Henderson, this is crazy, right? - Oh, it sure is, boys.
- Do you know how to get to the furnace? Oh, of course I do - You want to go back the other way? - Let's go back the other way.
Oh look, it's an ice bear! - You mean a polar bear? - No, it's an ice bear.
It's an ice-cold bear.
Oh sick, let's pet him.
Man, ice bear's are wack.
Let's go back the other way.
Oh man, I totally forgot about that hole.
- Me too.
- What are we gonna do? - We're jumping.
- Okay, let's jump.
Uuuuup! Cool.
You know what, Kenny? We had a really good run as brothers.
It was a good run! Oh well, I guess that's it.
Oh man, I was ready to die.
- Whoa-aaaaa.
- I'm Jumanji.
- Oh snap.
- Yo, Keef, I told you Jumanji was gonna save us one day.
- Yes, Kenny, you did.
- You want some mushrooms? Naw, man, we're cool.
Can you just help us find the furnace? Don't worry, I got this.
Hey, Jumanji, where did you come from? I'm from a magical land where it's nothing but white sand and beautiful blonde girls with tans.
- Oh really? - Nah, I'm from Detroit.
You want some mushrooms? I was in my hotel room when the shrooms kicked in and I was watching "Lord of the rings.
" Damn, Jumanji really likes mushrooms.
And I was in the room by myself so I freaked out - and I just ran out that bitch.
- Yo, look out! But next thing I know I thought I'm seeing Japanese writing in the sky.
- Ah! - Whoa! I'm seeing all type of .
and then I run to the bus and my other homie that took the shrooms, he's staring at his hands.
Whoa whoa whoa! Then when I came outside, you know downtown - Cleveland is not that lit up.
- Oh snap, Jumanji did it.
We're here.
Gentleman, here it is! La furnace.
La furnace just sound like a Mexican orgy or something, man.
Giant white cats! Oh snap! What are we gonna do? - Keef, you know what we gotta do.
- I know.
- We gotta give up.
- Absolutely.
Nah nah nah nah, I got a better plan.
I'll distract the tigers by feeding them mushrooms.
- What? - And doing a little bit of rapping.
Ah okay.
That makes sense.
Wait, you want some mushrooms? Well, you keep pushing them on us, so yeah, I guess we'll take them.
Sounds like he has it under control.
- Let's go inside.
- # rapping out on a fast pace # like my name was Biggie Dig but I don't know no Diddy, got some dirty mind and with me got some Bobby and that Whitney but Christina and Britney she sent me to then she drive along with that caddy she wit it, I'm wit it she wit it, I'm wit it she wit it, I'm wit it.

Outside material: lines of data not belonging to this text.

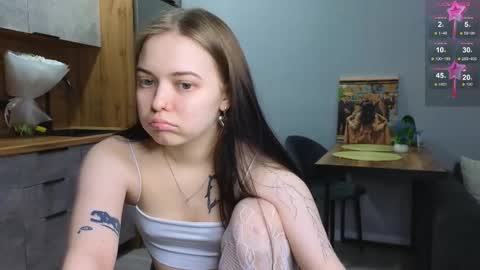 julidropp online show from 01.10.25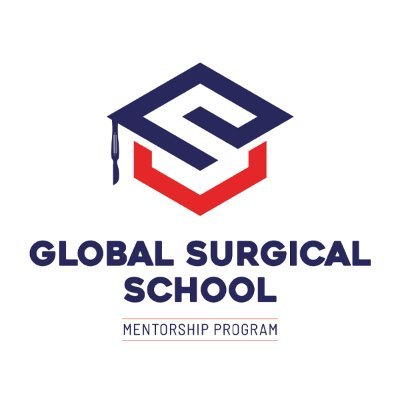 International school in order to provide, both experienced and trainee surgeons, with a dedicated high-quality program in several specialties
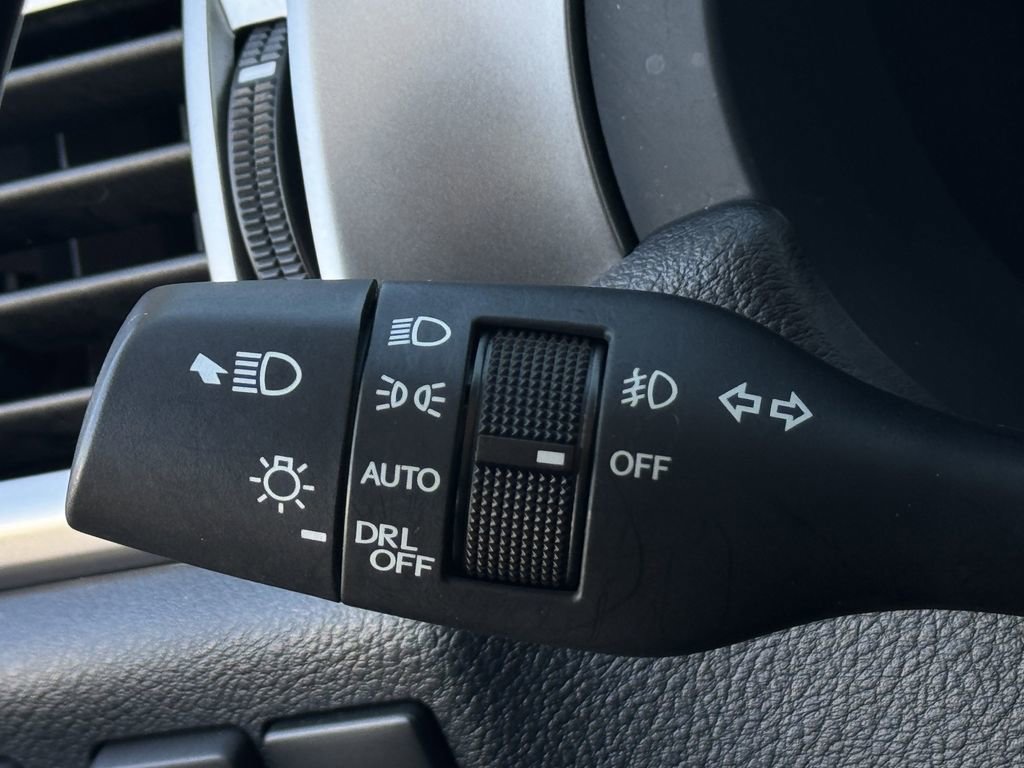 Used 2023 Lexus GX 460 Premium w/ Premium Plus Package AWD/4WD image 20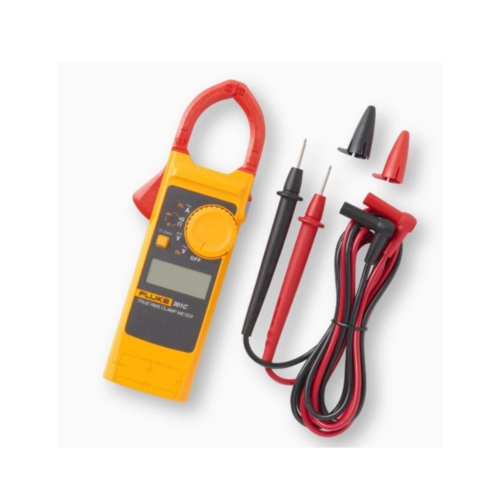 Fluke 301C 鈎表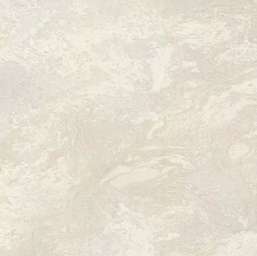  Decori&Decori Carrara 2  83664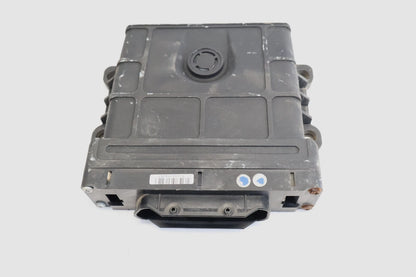 2014-2016 VW PASSAT 1.8L L4 TRANSMISSION CONTROL MODULE UNIT TCM TCU 09G927749B
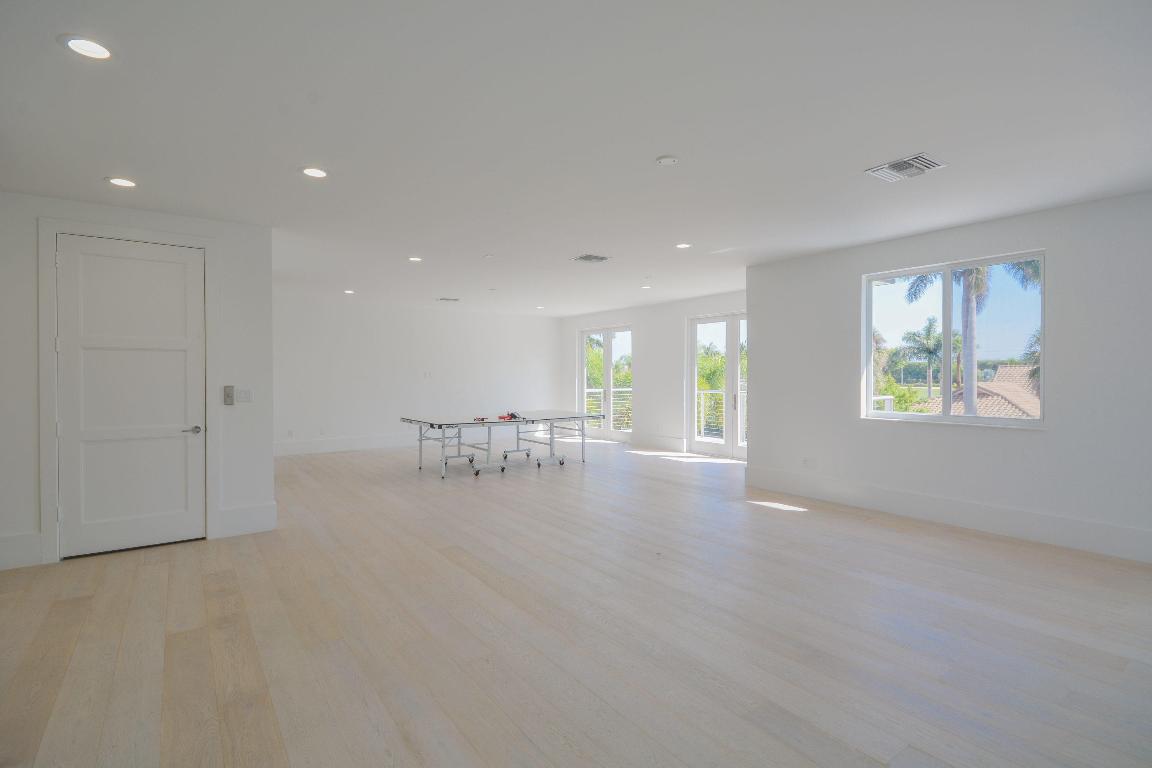 ST ANDREWS COUNTRY CLUB - Residential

Yo, I think the mushrooms are Kicking in.
Go go go go.
Go, Lucas brothers.
Go turn the furnace on! Aw sh We need something to light the furnace.
- Oh, I got this lighter.
- No! We cannot use that lighter.
The streets won't be kind to us for using the lighter with a chick with a penis.

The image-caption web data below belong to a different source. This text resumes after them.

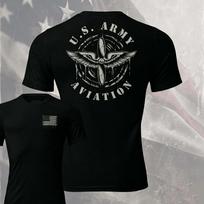 Army Classic Tech Unisex Unisex Tshirt ROKA Military Physical Training Tops 2026 Summer 100Cotton Oversized Tshirt Street Wear Y2K 2XL gray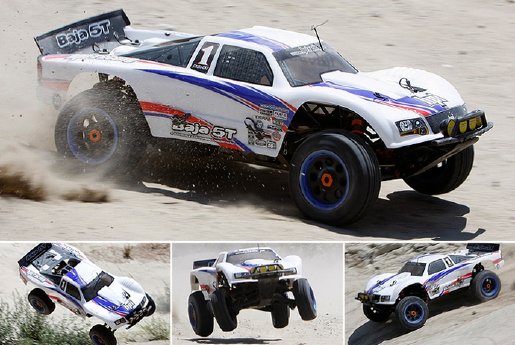 RTEmagicC_Baja5T-White_Action.jpg[1].jpg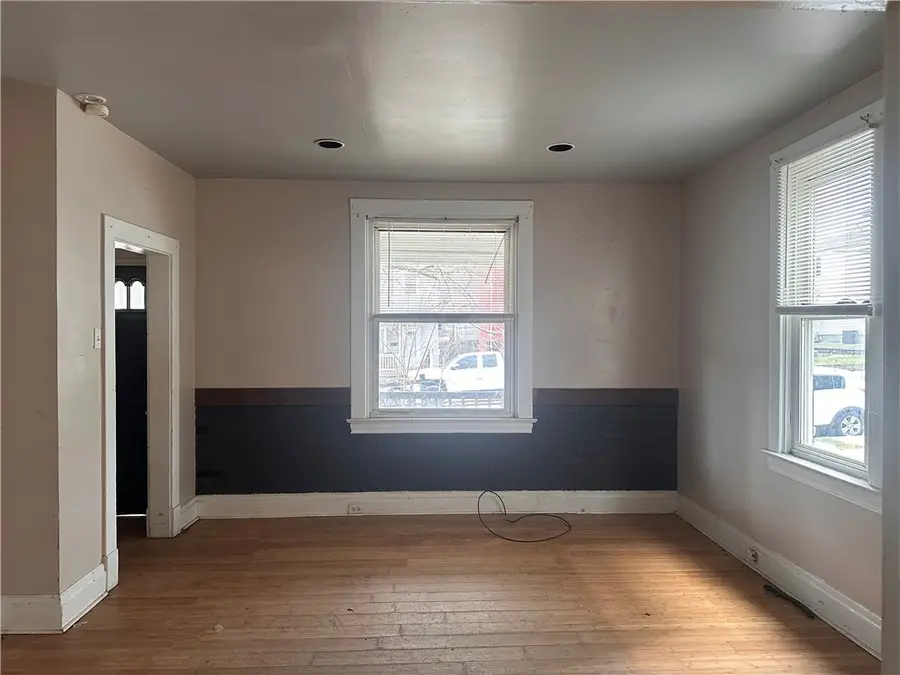 1923 6th Ave, Beaver Falls, PA 15010 - Image #2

Hello, boys, - you gotta use the lighter.
- Naw, we can't do it, Jake.
Not for you, not for anybody.
If you don't, you'll never get that moving van! Jake's pretty persuasive.
- We gotta do it for the van.
- All right, I'll do it for the van.
Streets, I'm sorry.
Yo! We need more fuel for the fire! Don't worry, I'm gonna sacrifice my body to save the Lucas brothers! Thanks, Jumanji, you're a true warrior.
I told you Jumanji was gonna save us twice in one day.
Yes, you did, Kenny, yes, you did.
I'll see you soon, Lucas brothers! Jumanji, you forgot your mushrooms! I'm so high right now, man.
Whoa! What the Hey, Jake, we got the money for the van.
Oh, so close, but fair is fair and my word is bond.
Let her down, boys! Cool.
- Bye, Satan.
- Sorry we didn't get to work things out.